§ Brief:
Starting with the line that has "MAZDA CX-8 4WD" and finishing with the line that has "ATTENTION ARMES DE", set down each line below exactly. Pictures are not copied.
:: Available records
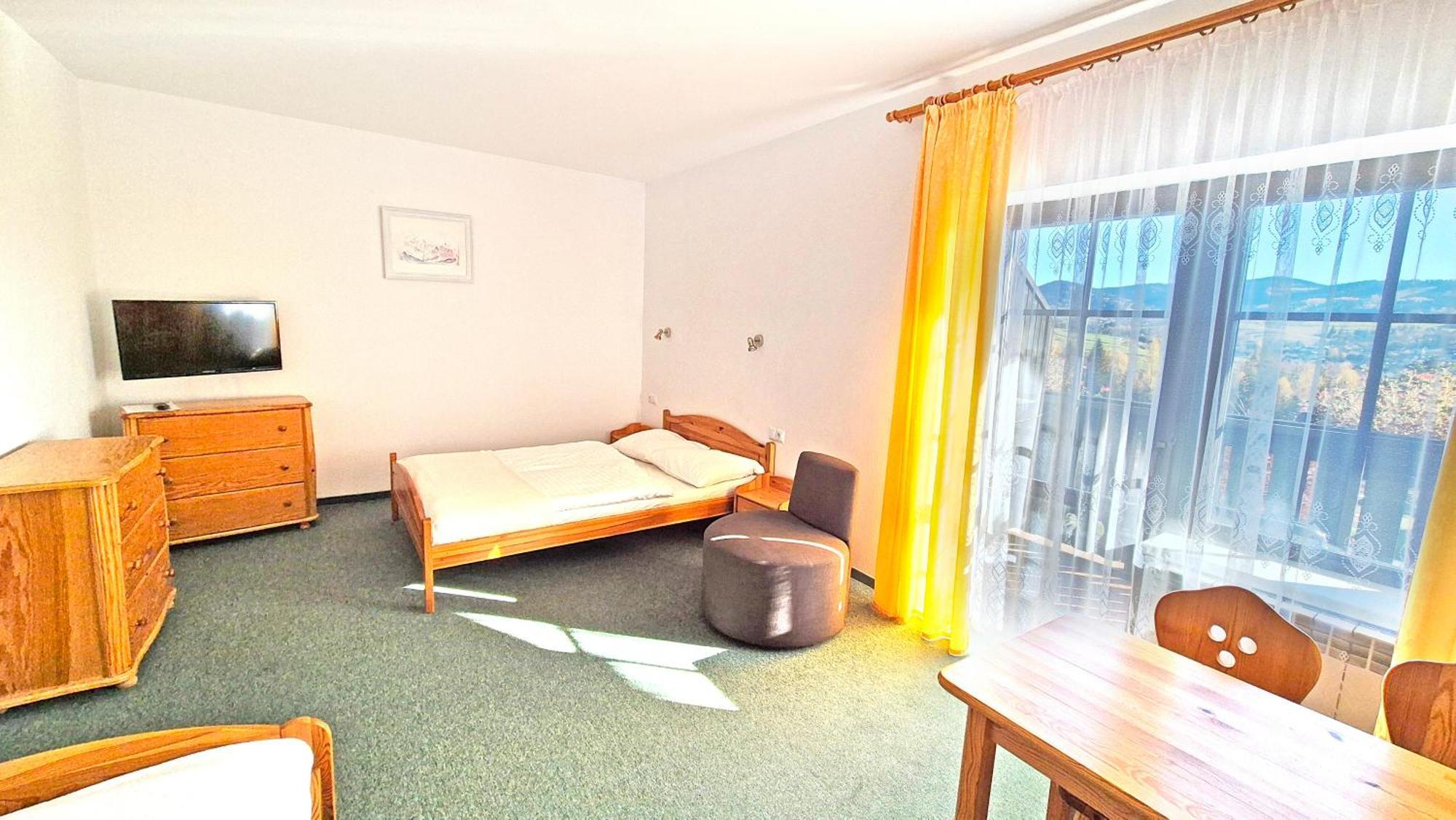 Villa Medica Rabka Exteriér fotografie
::::
:: Available records
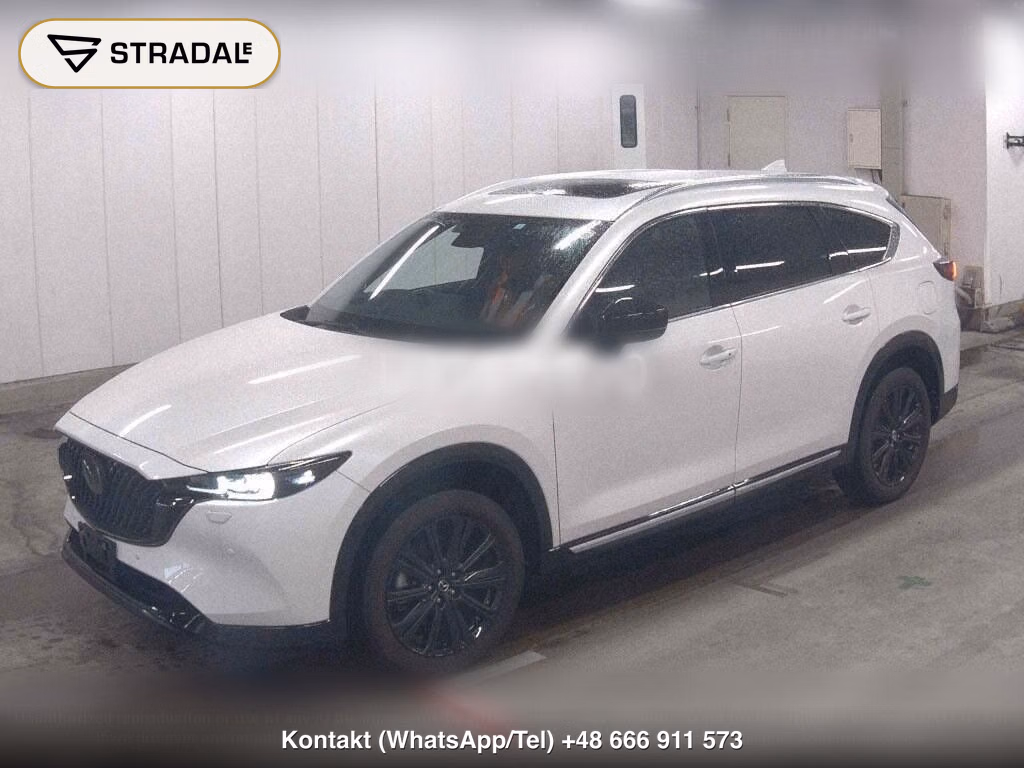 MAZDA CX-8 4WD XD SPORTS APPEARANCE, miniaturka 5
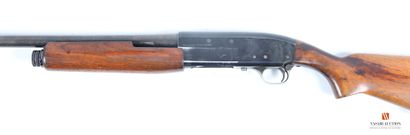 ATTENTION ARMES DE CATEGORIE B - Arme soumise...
::::
§ Task result:
 MAZDA CX-8 4WD XD SPORTS APPEARANCE, miniaturka 5
 ATTENTION ARMES DE CATEGORIE B - Arme soumise...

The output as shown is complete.